Your goal:
Set down exact lines only, from the line with "A picture of" through the last line of the material below, with every picture left out.
# # # # # # #
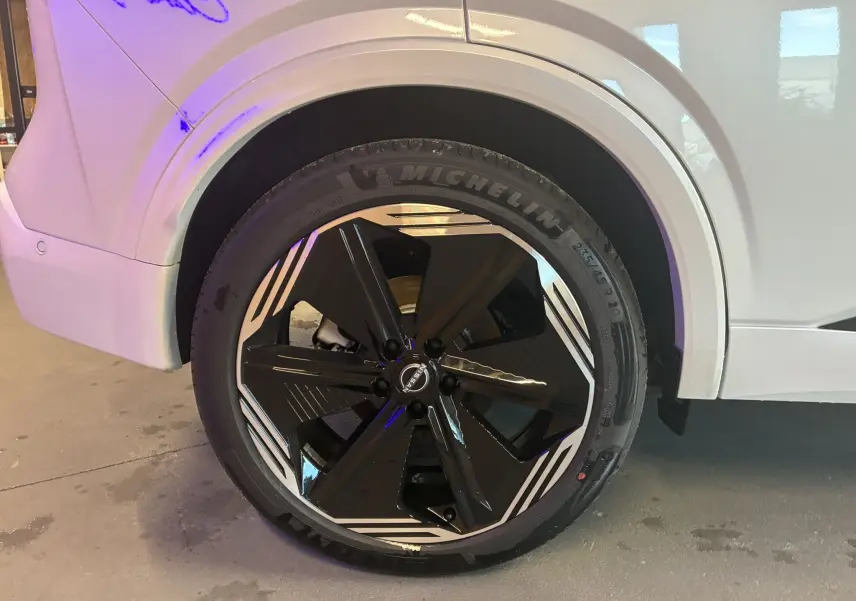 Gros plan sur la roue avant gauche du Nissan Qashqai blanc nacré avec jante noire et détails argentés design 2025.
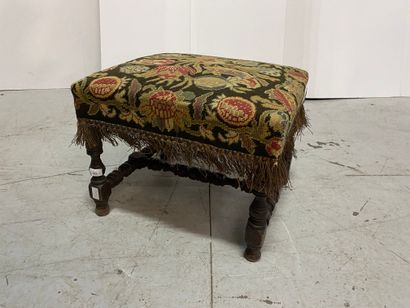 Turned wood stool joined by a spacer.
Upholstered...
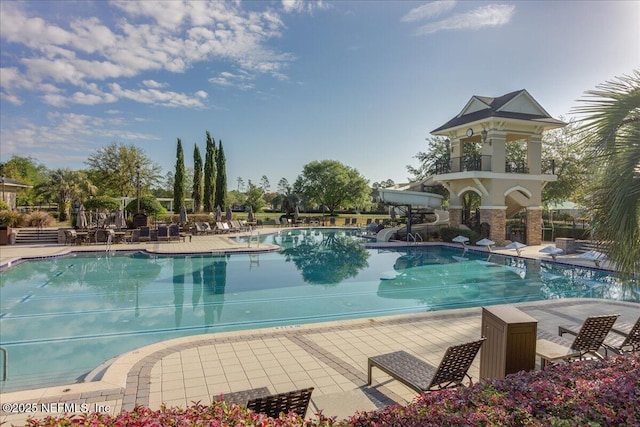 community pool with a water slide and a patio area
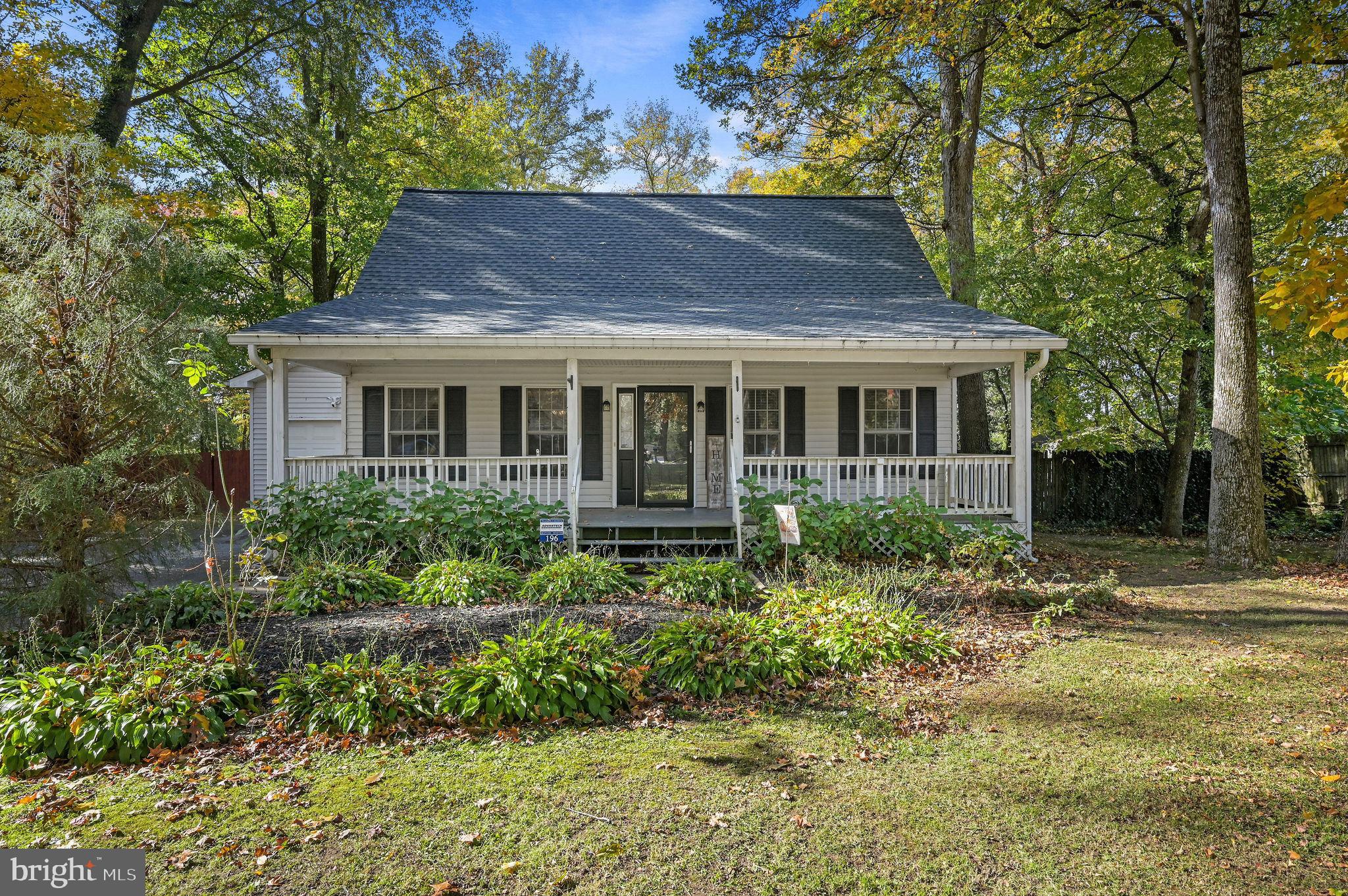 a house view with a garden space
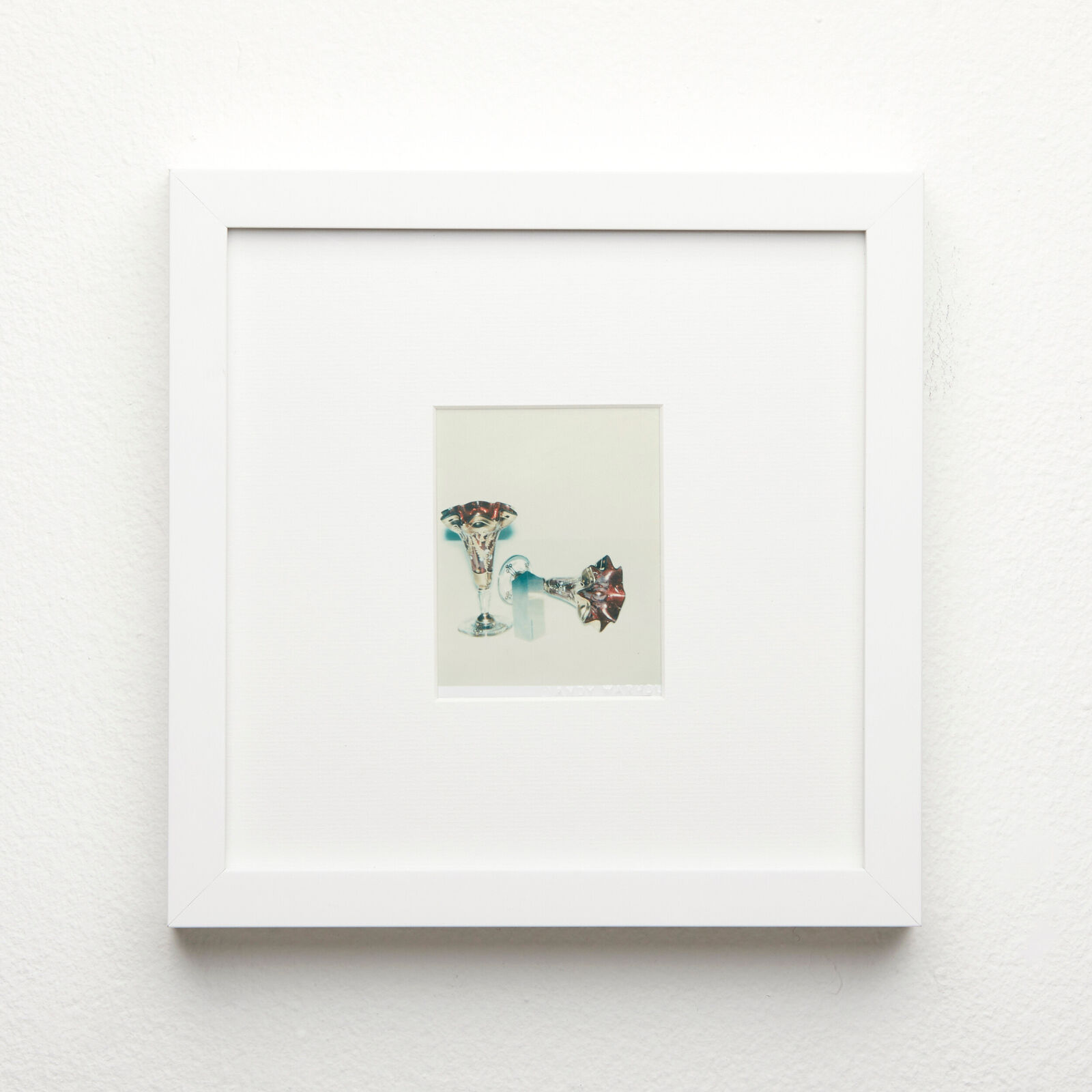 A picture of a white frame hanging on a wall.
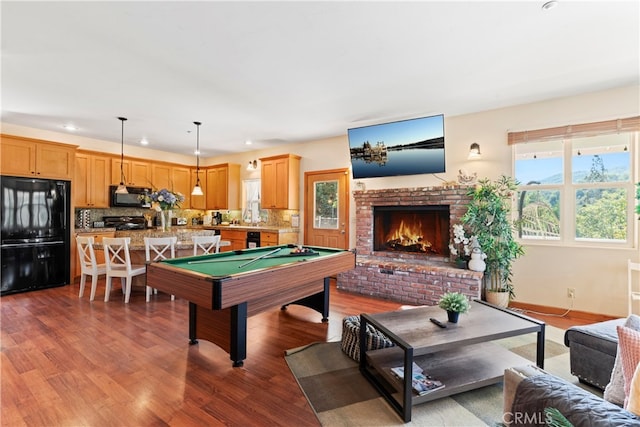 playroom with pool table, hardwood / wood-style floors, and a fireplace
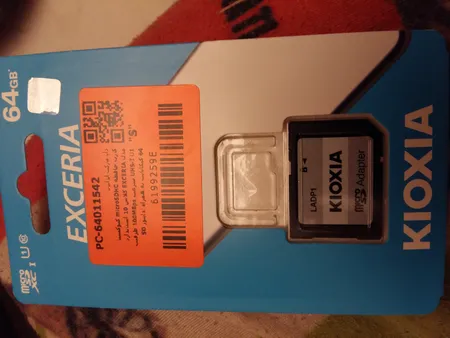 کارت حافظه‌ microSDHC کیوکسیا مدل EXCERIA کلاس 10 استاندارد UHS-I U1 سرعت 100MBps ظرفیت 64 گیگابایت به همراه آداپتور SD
# # # # # # #
Task response:
 A picture of a white frame hanging on a wall.
 playroom with pool table, hardwood / wood-style floors, and a fireplace
 کارت حافظه‌ microSDHC کیوکسیا مدل EXCERIA کلاس 10 استاندارد UHS-I U1 سرعت 100MBps ظرفیت 64 گیگابایت به همراه آداپتور SD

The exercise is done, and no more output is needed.